TASK DETAILS:
A word-for-word reproduction of the data below is needed, with no pictures in it.

AVAILABLE DATA:

- Opening Delimiter -

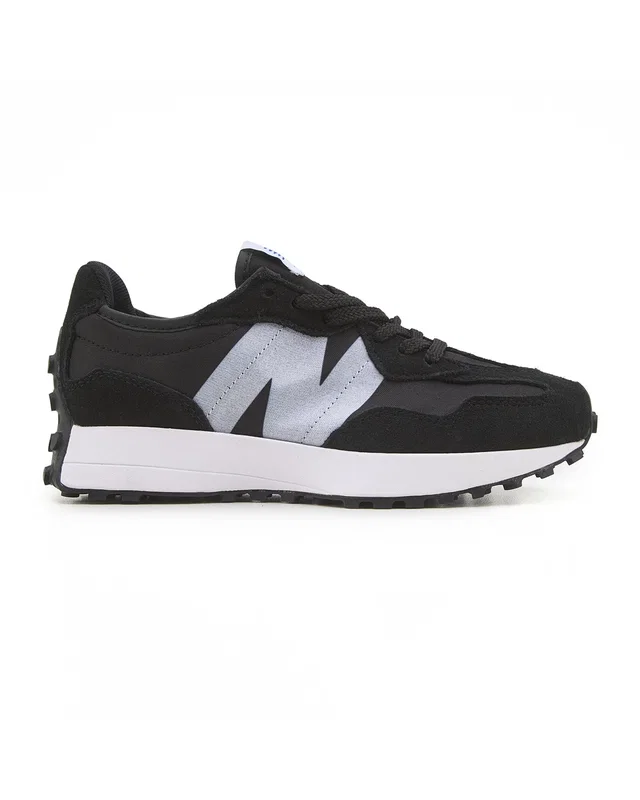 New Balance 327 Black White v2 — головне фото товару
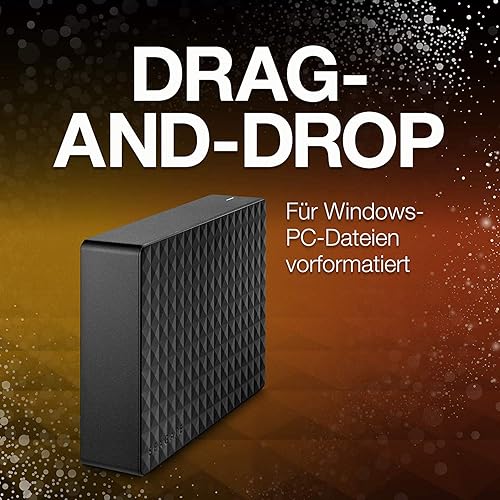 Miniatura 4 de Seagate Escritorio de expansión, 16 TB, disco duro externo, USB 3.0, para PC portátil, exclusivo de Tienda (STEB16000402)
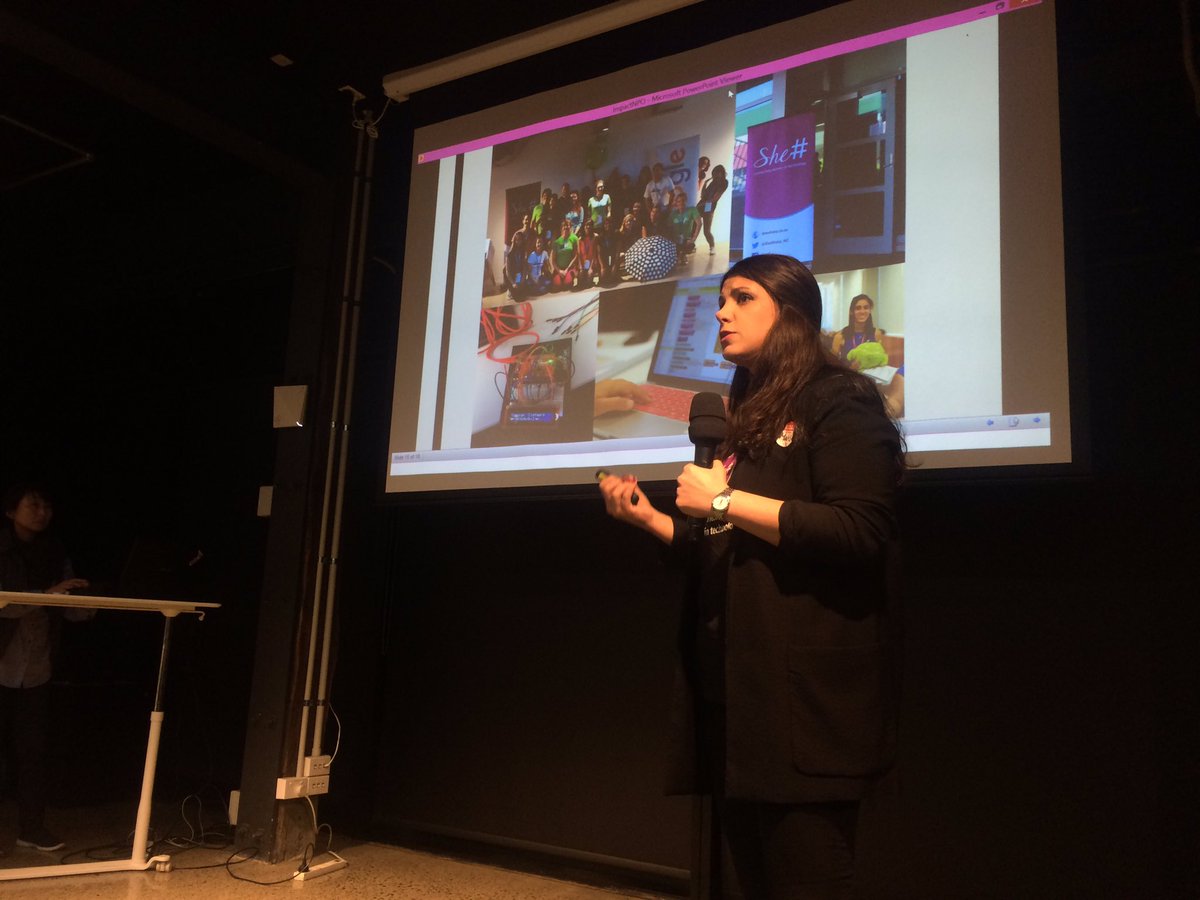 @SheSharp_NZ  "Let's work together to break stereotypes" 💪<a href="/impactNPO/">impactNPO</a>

- Closing Delimiter -

EXERCISE SOLUTION:
 New Balance 327 Black White v2 — головне фото товару
 Miniatura 4 de Seagate Escritorio de expansión, 16 TB, disco duro externo, USB 3.0, para PC portátil, exclusivo de Tienda (STEB16000402)
 @SheSharp_NZ  "Let's work together to break stereotypes" 💪<a href="/impactNPO/">impactNPO</a>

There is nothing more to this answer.